Anti-Aging benefits from Strength training
By David OttobreDare MD
One of the best kept secrets is finally out of the bag.
Being physically fit, especially through strength training, improves blood and oxygen circulation throughout the body providing essential nutrients to our organs, including our largest organ-the skin. These nutrients drastically reduce our aging. It also has a favourable influence on self-image, self-esteem, and depression. This suggests that strength training not only makes us look younger but FEEL younger as well. As mentioned before, strength training and anti-aging really can correlate!
Current research has demonstrated that proper strength-training exercises can combat weakness and frailty. Done regularly (e.g., 2 to 3 days per week), these exercises build muscle strength, muscle mass and preserve bone density.
Key Points to Consider:
Exercise and eating well are always beneficial, especially as you age. But strength training specifically can help combat many of the physical problems associated with aging, specifically:
- It helps keep your muscles strong, giving greater mobility
- It helps keep your bones strong, also helping to avoid the risk of fractures that lead to injury
- It speeds up your metabolism and increases your energy
- It helps you maintain a physically attractive appearance
- It improves your brain function
Don’t fall into the trap of thinking that strength training is only for body builders. Strength training is good for everyone, and the sooner you get started, the greater the benefit.
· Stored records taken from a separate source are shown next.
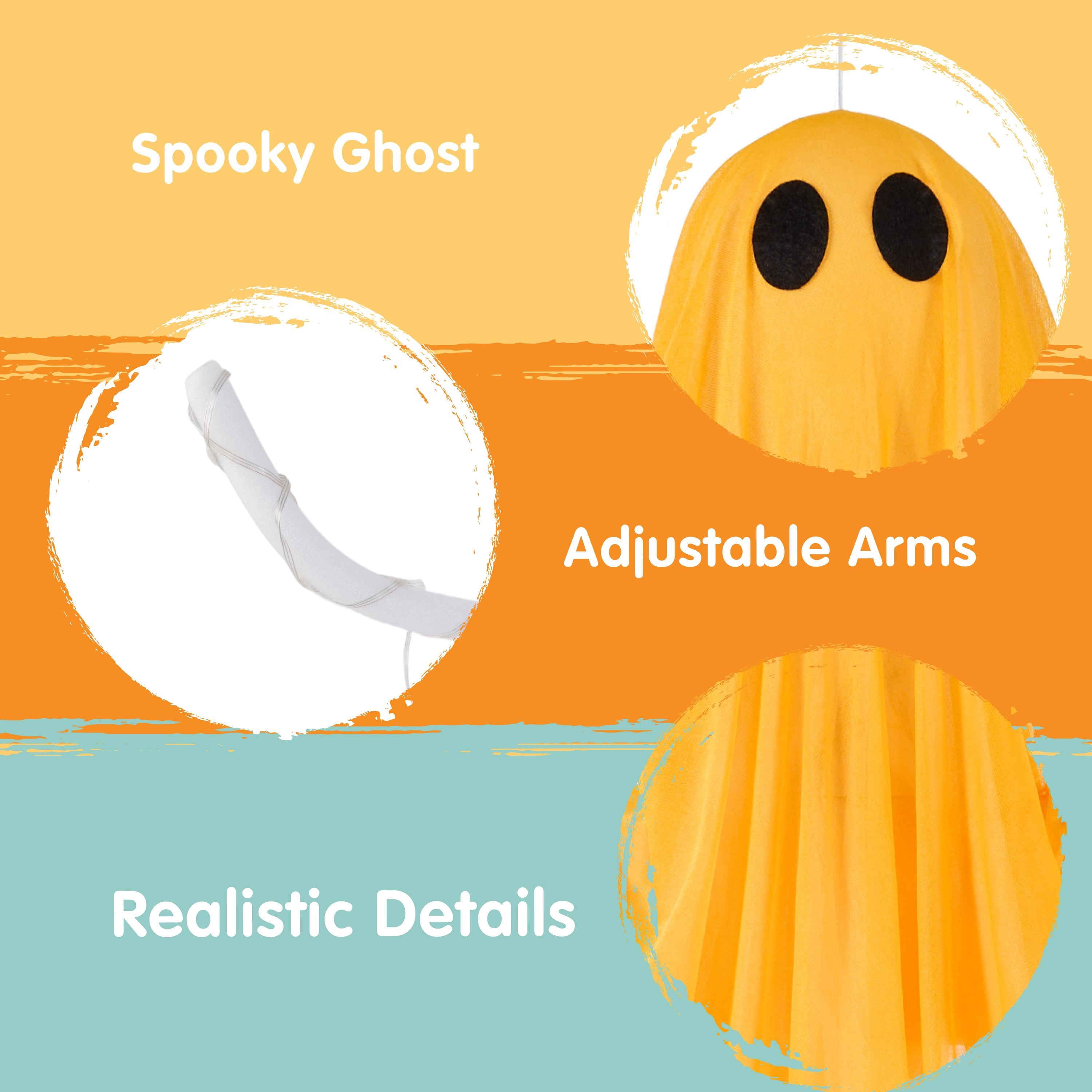 Joyfy 47inch Halloween Decorations Outdoor Hanging Ghost,Light up White Ghosts with Spooky Warm White LED Light,Halloween Outdoor Yard Porch Decorations,Haunted House Decorations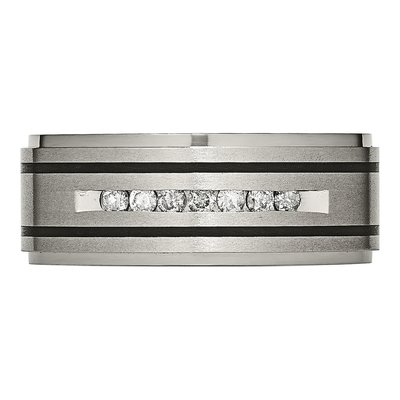 Titanium 1/4 ct tw Diamond Wedding Band – view 5
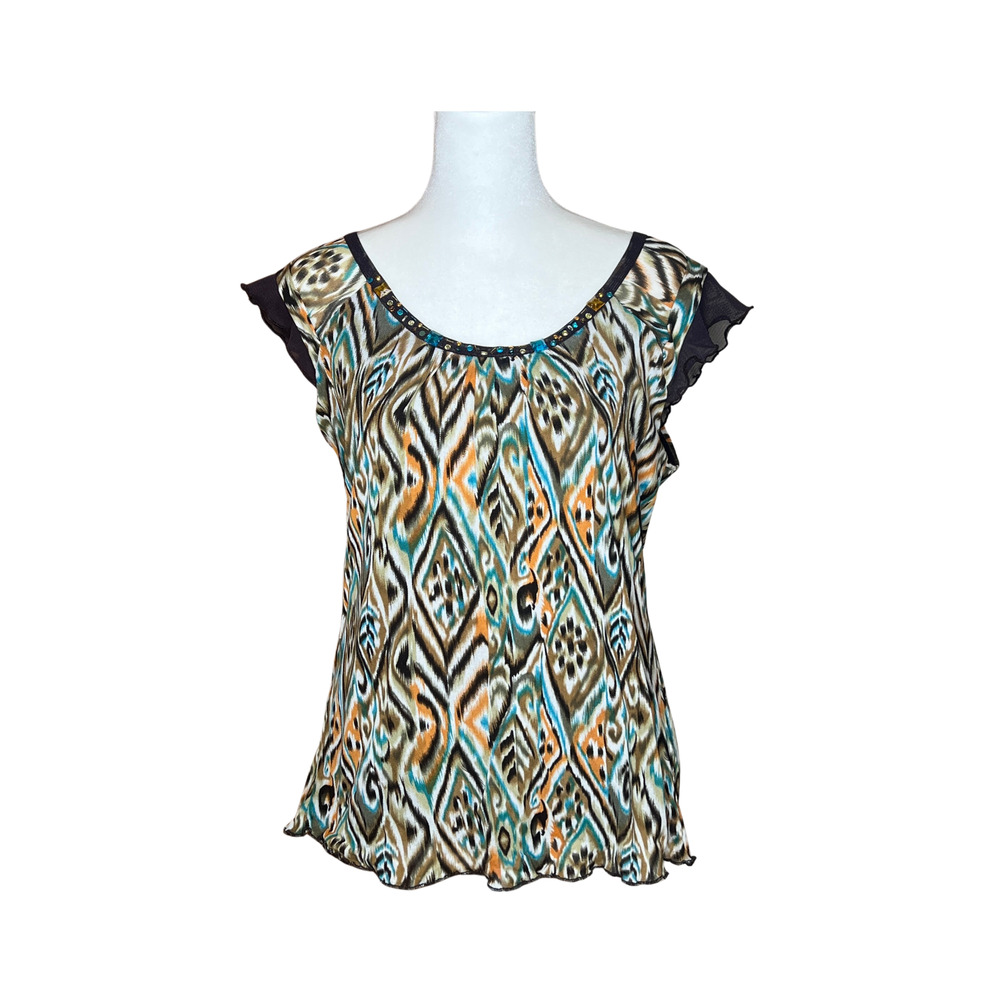 Vtg Y2K Womens Top M Brown Geometric Rhinestones Fairy Whimsigoth Groovy Baddie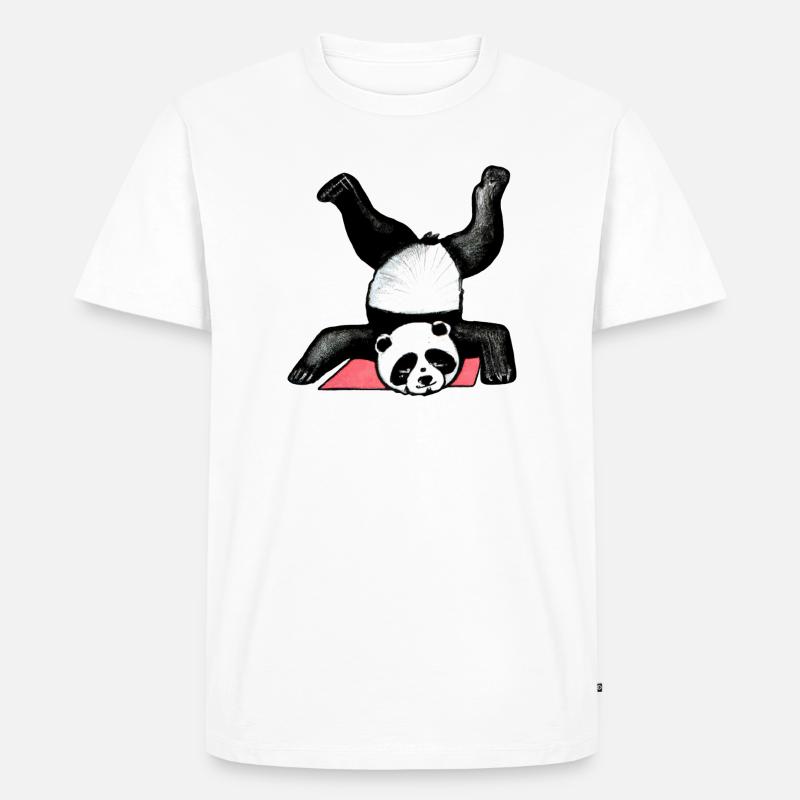 Panda Akrobat auf Matte - Männer Premium Bio T-Shirt - Weiß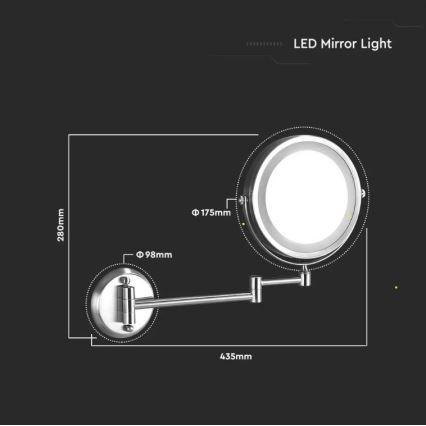 LED Wall cosmetic mirror LED/3W/6V IP44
But it’s never too late.
But don’t forget: Technique is everything.
This is a weighty matter, because if you don’t learn to lift consciously, with awareness of your breath, posture, core, and limitations, you can strain a muscle or tear a tendon.
Metabolic Process -Literally burn fat while we are sleeping
Weight-bearing exercise increases hormonal release as we engage fast-twitch and super-fast-twitch muscle fibres anaerobically. As a result, human growth hormone (HGH), testosterone, and other key hormone recruitment is improved. Weight-bearing exercise – or more specifically anaerobic exercise – takes advantage of something called the “hormonal effect of exercise,” helping us to increase our metabolism and literally burn fat while we are sleeping!!
Dr. Cooper, the father of Aerobics, has come full circle, now recognizing that as we age we need more and more weight-strength training exercises. Cooper recognizes that up to age 50, people lose about 4% of their strength and muscle mass per decade. After age 50, the loss increases to about 10% per decade. By age 60, the average person will have lost about one-third of his or her muscle mass—UNLESS we reverse the process through resistance exercise and weight training.